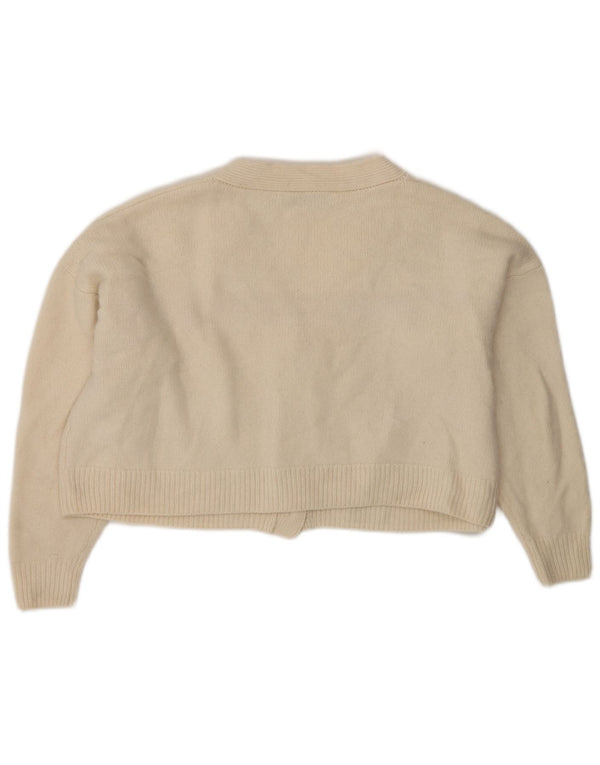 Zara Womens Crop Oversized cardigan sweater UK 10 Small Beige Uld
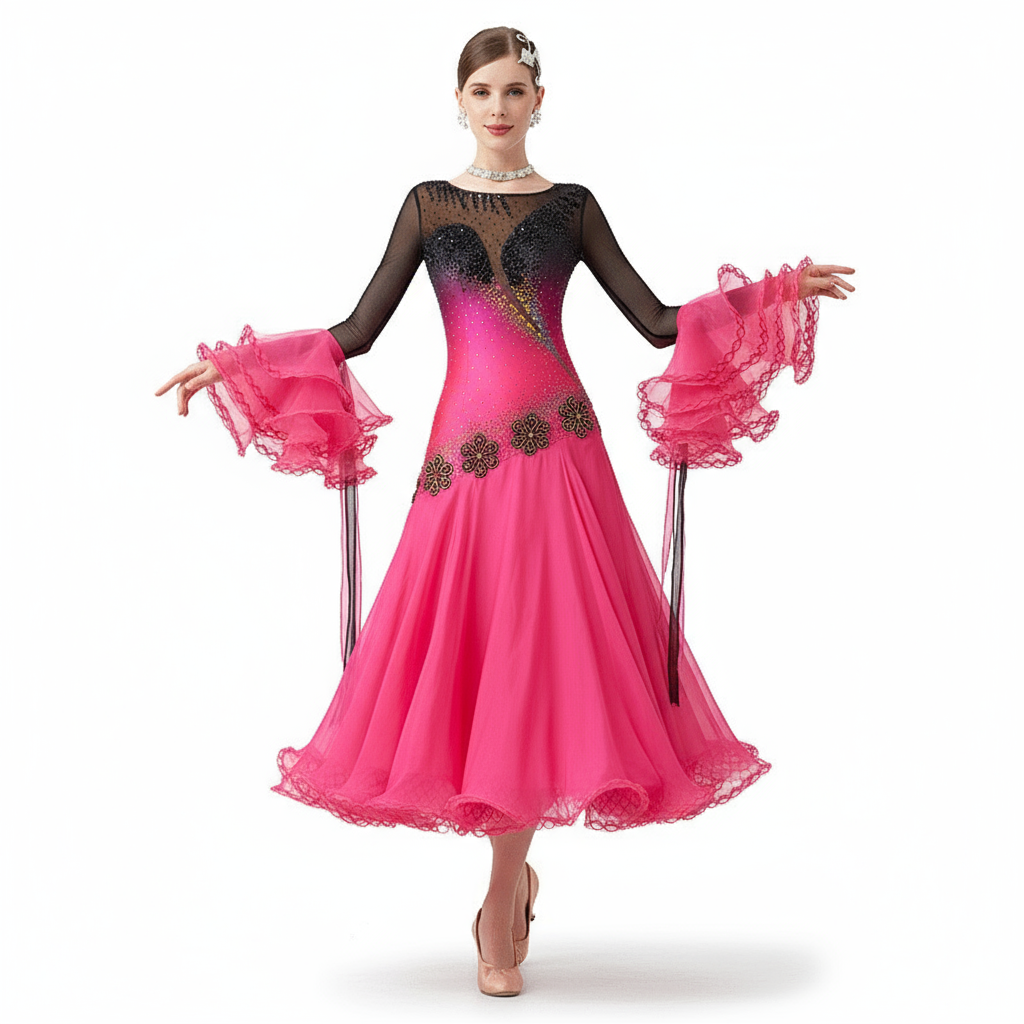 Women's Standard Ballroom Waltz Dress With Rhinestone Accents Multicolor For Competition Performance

==

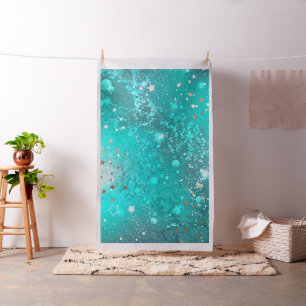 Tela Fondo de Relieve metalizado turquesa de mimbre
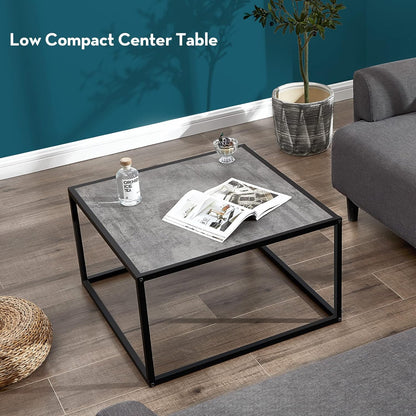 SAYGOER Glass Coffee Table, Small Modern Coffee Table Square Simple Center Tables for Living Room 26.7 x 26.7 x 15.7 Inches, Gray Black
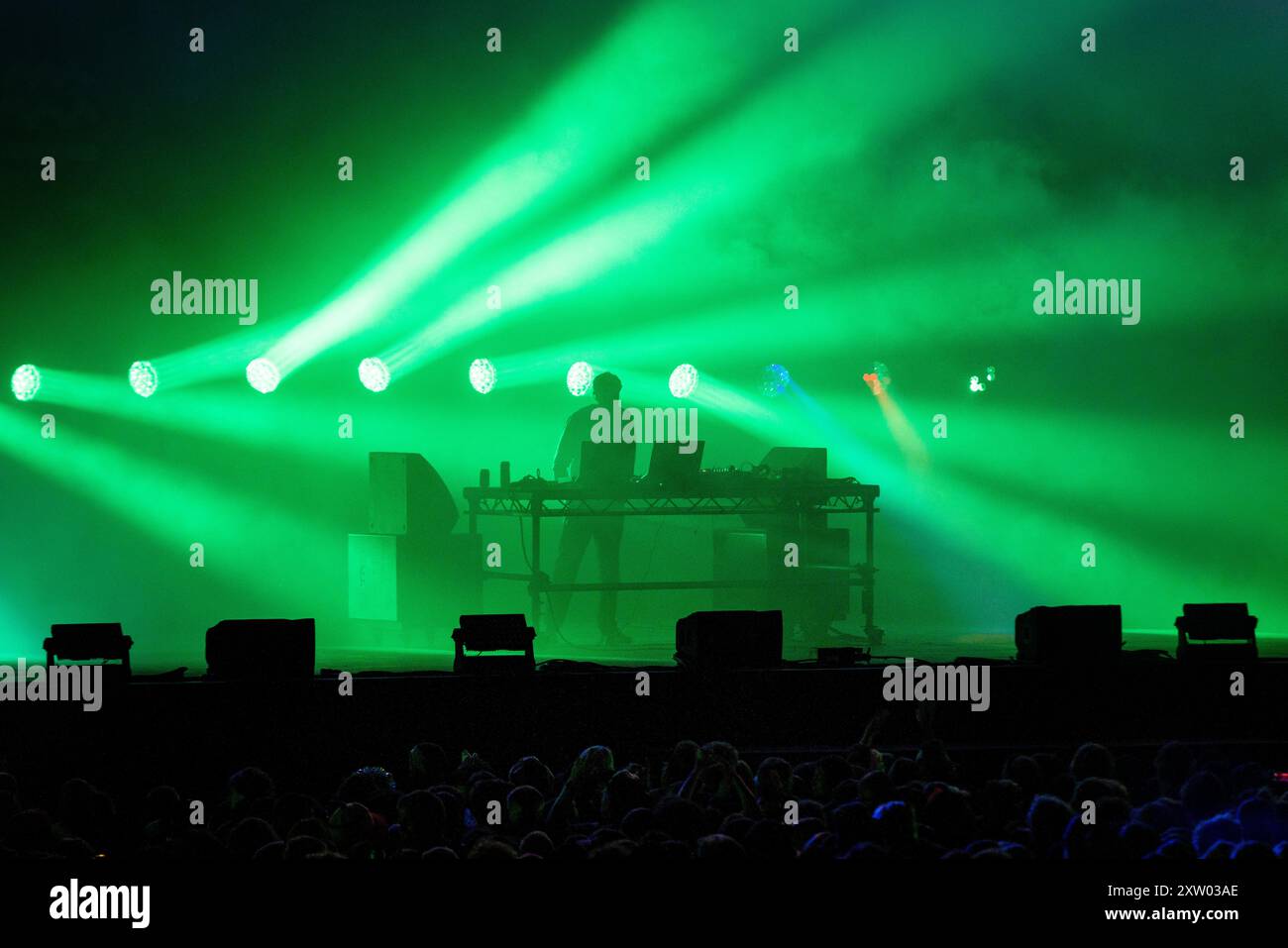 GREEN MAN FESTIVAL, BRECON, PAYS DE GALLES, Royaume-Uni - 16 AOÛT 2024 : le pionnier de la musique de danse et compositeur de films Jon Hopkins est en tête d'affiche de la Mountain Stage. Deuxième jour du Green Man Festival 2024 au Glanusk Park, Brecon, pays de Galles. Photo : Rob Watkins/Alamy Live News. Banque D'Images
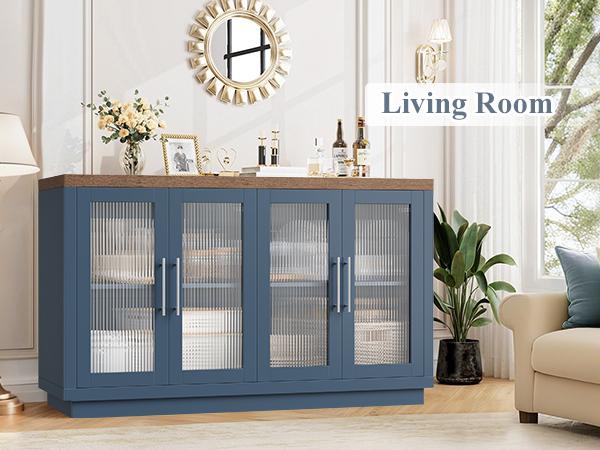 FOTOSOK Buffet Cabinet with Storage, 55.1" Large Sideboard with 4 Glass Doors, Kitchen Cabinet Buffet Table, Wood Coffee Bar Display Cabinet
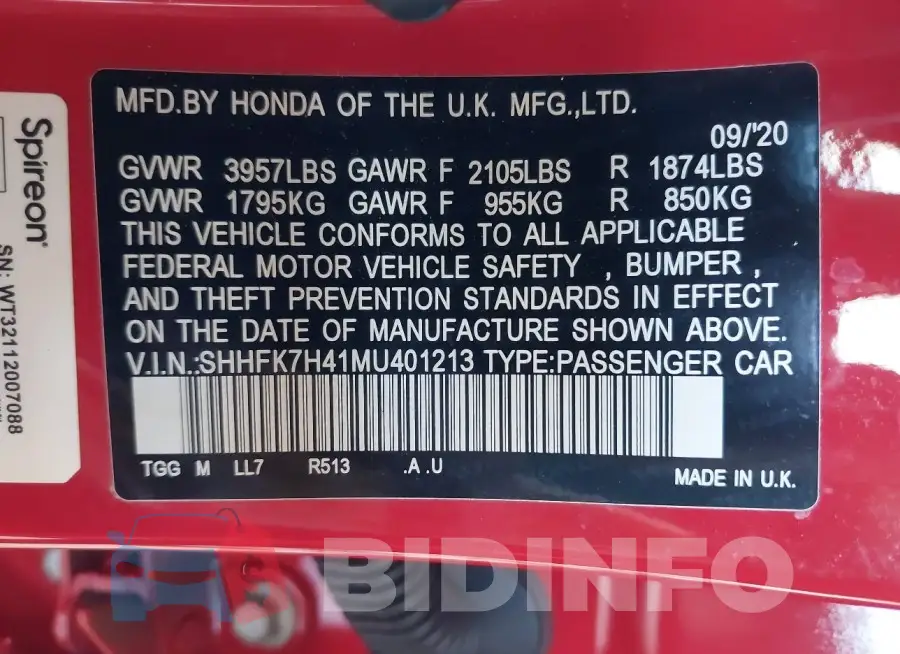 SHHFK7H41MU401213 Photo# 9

- **PROBLEM DESCRIPTION**: Beginning with the line above that has "Zara Womens Crop" and going on through the line that has "Women's Standard Ballroom", retype every line exactly and add nothing else; drop the pictures.

- **FINISHED TASK**:
 Zara Womens Crop Oversized cardigan sweater UK 10 Small Beige Uld
 Women's Standard Ballroom Waltz Dress With Rhinestone Accents Multicolor For Competition Performance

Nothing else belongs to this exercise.